Is all of that, what I just read from Paul, is that in your mind when you give thanks to God?  Or are your thoughts dominated by temporal and physical issues?  Listen, we decry the prosperity gospel and prosperity preachers and rightly so.  The prosperity gospel is not a gospel, but it’s a damning false gospel that leads people to hell.  It keeps them ensnared in love for the world.  But how often, we have to admit, our prayer life reveals a prosperity theology at a practical level.  We thank God for too many temporal, physical things.  And we only thank him for that.   

Beloved, that’s bondage to this world, not freedom.  When we give thanks to God, we just need to apply these five marks of Christian gratitude.  These five marks as a pattern and we’ll find freedom and joy in thanksgiving.  When you’re giving thanks to God, you cannot be at the same time grumbling, complaining, self-centered, discontented, conflicted and restless.  Instead, when you express thanksgiving to God, you’re humble, satisfied in him, contented in him, at peace with him, pleased in him, joyful in him.  All that and more is what God wants for us, his redeemed people. 

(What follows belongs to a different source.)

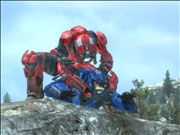 Red vs Blue : Who Would you Rather Be ?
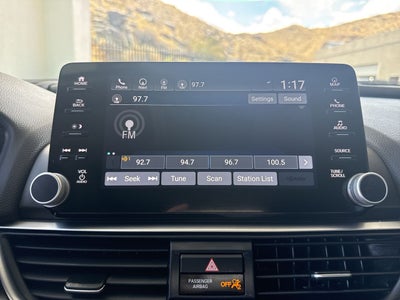 2021 Honda Accord Touring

Let’s pray.  Father, we thank you.  We do thank you.  It seems like such a small word, so insignificant, and yet, it’s all you require from us.  You want thanksgiving, a broken and contrite heart you will not despise, and our thanksgiving you will not turn away.  Help us to be sincerely thankful to find good reasons for giving praise and honor and glory to you. Help us to reflect the praise of those multitudes in Revelation who throw themselves before you at your feet, bowing, casting their crowns from their head, taking no credit fot anything you’ve done and giving you all honor, praise, glory, honor and might.  We love you.  We thank you for the opportunity to reflect on this issue of Christian gratitude and we ask that you would make us more consistent with this truth in our lives, even this week as we celebrate Thanksgiving this year.  In Jesus’ name, amen.